Olga Gershenson is Professor of Judaic and Near Eastern Studies and of Film Studies at the University of Massachusetts Amherst. Professor Gershenson earned her BA in Russia, her MA in Israel, and her PhD in the US. Her academic path is as diverse. A multi-disciplinary scholar, her interests lie at the intersection of culture, history, and film.
Her first book, Gesher: Russian Theater in Israel (2005), pioneered the study of Russian immigrant cultural production. A series of articles on Russian-Israeli cinema cemented her status as the premier expert in the field.

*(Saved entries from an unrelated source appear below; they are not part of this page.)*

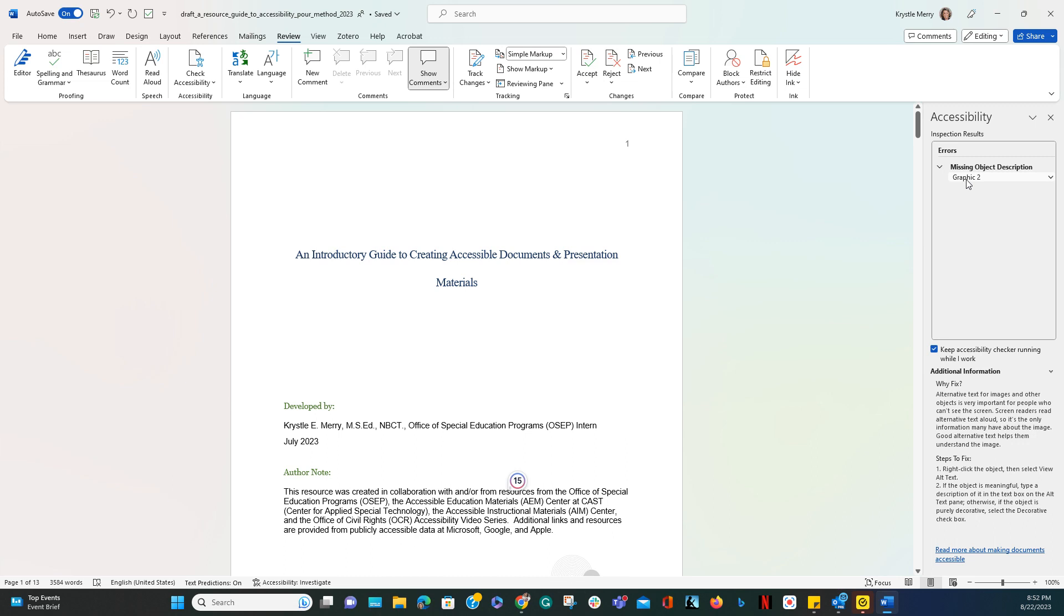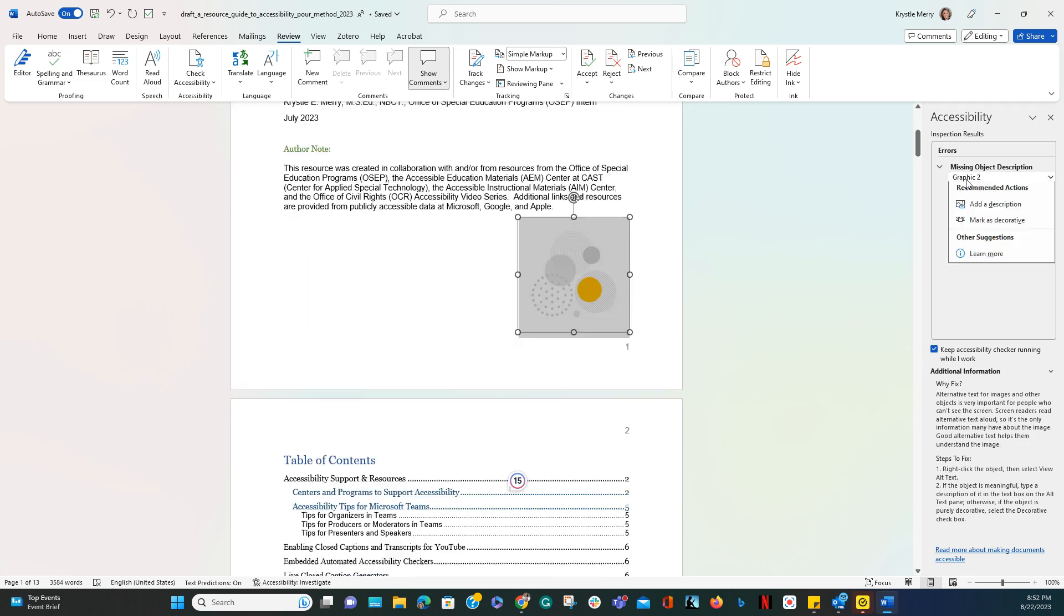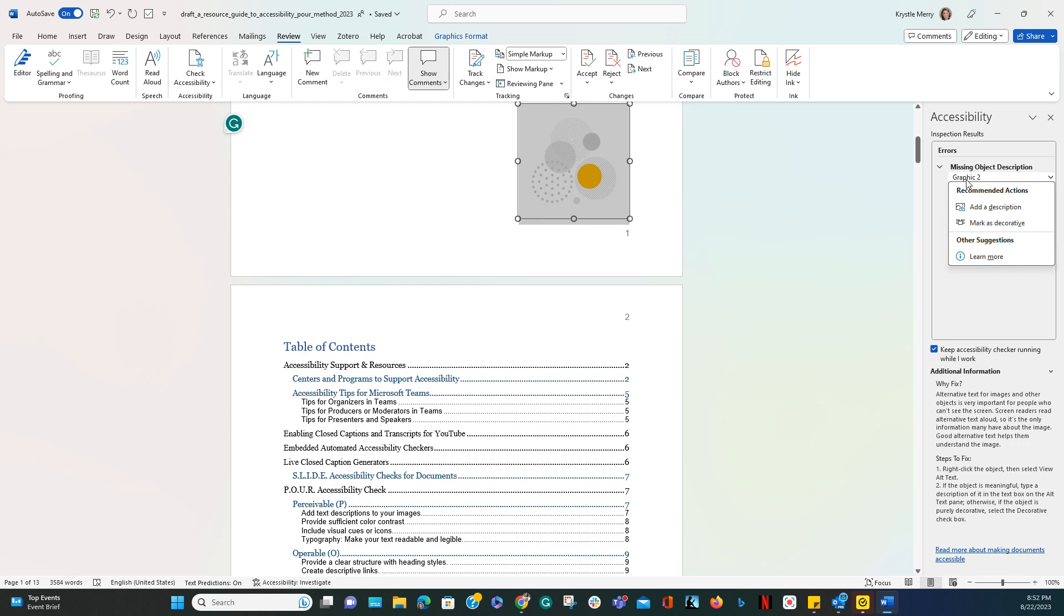If you click on the graphic or in this case the missing object description or graphic 2, it will automatically take you to graphic 2 to show you what is missing.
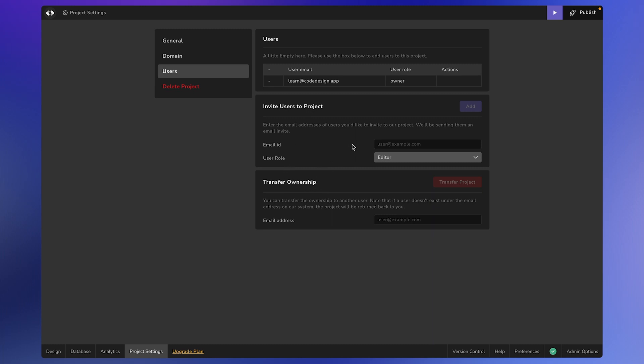Inviting a user to your project is simple. You can enter the email address here. The user will be notified via email. If they don't have a Code Design account, they will be invited to create one.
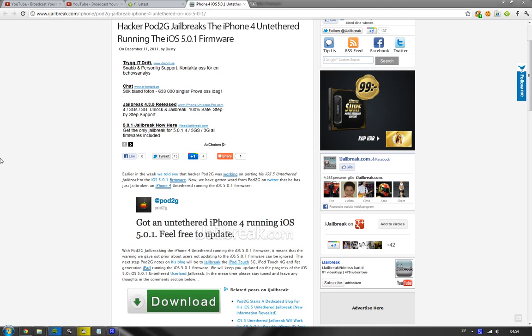And the iPod Touch 3rd generation and 4th generation. Now Pod2G basically updated us with his new exploit, saying that he has got this iPhone 4 untethered jailbreak working on iOS 5.0.1. That's awesome.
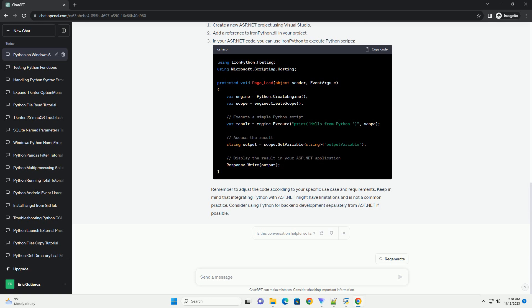Download the latest version of IronPython from the official website, http://IronPython.net. Follow the installation instructions to set up IronPython on your Windows Server. Create a new ASP.NET project using Visual Studio.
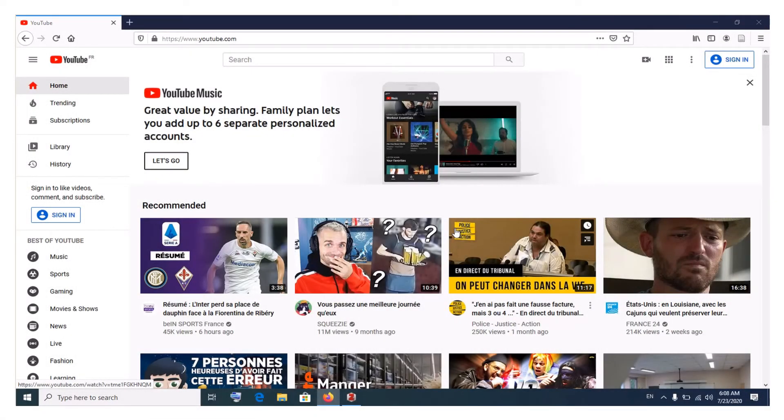Welcome to Minikoon Tutorials. Today I'm going to show you how to remove your custom URL in YouTube and claim a new one in 2020.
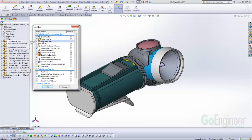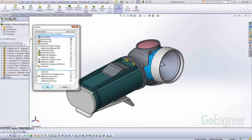So if we wanted, for instance, CircuitWorks to be on every time we open SOLIDWORKS, we would check it here. And if we just wanted to run it once for this current session, we would turn it on on the left instead.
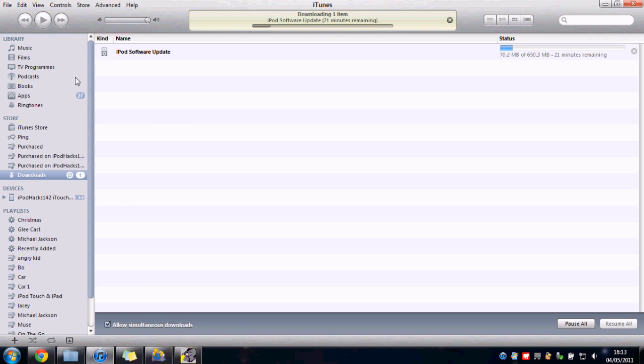So you can go ahead, plug in your iDevice, download it, and install it.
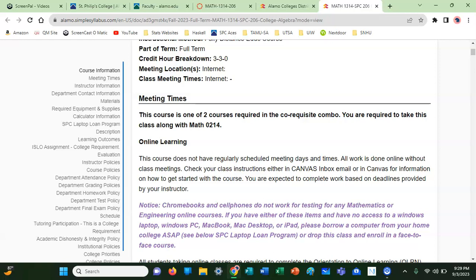You're required to take this class along with Math 0214. In the welcome video I posted, I consolidated the Canvas courses for Math 0214 so that you wouldn't have two separate courses to look through — I just consolidated them into one. At this point you don't have to worry about anything; you are enrolled in both.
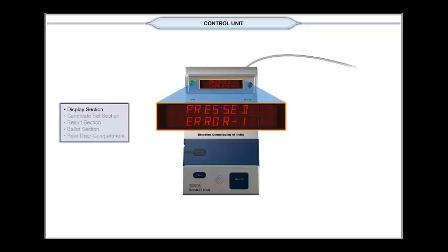Pressed error 1 indicates any one of the candidates' button in the first ballot unit is kept pressed or jammed.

Professor Gershenson's book, The Phantom Holocaust (2013), reveals unknown Holocaust films from the Soviet Union. According to the journal Holocaust and Genocide Studies, it "will serve as a foundation for all further research and reflection on the topic."
Her latest book, New Israeli Horror: Local Cinema, Global Genre will be published in 2023. This is the first book to tell the story of a new cycle of horror films that blossomed in Israel in 2010s. Through in-depth analysis, engaging storytelling, and interviews with the filmmakers, Gershenson explores their films from inception to reception.
Along with film, Professor Gershenson does innovative research on spaces, both sacred and otherwise. Her collection Ladies and Gents: Public Toilets and Gender (2009) established the discipline of Toilet Studies. Her special issue of Eastern European Jewish Affairs (which she co-edited with Barbara Kirshenblatt-Gimblett) charts for the first time a map of new Jewish museums throughout post-communist Europe, examining the relationship between politics, history, and culture.
At the University of Massachusetts Amherst, Professor Gershenson teaches courses on Israeli and Palestinian cinemas, on Holocaust films, on Jewish humor and popular culture. She is an editor of the “Teaching with Film and Media” column at AJS Perspectives. In addition to her home institution, she has taught internationally, including in Israel, China, India, Russia, and UAE.
Profiled in Haaretz as the rare academic who “prefers engaging the masses in culture,” she curates film series, consults for festivals, and has a lively lecture schedule at universities, conferences, and museums around the world.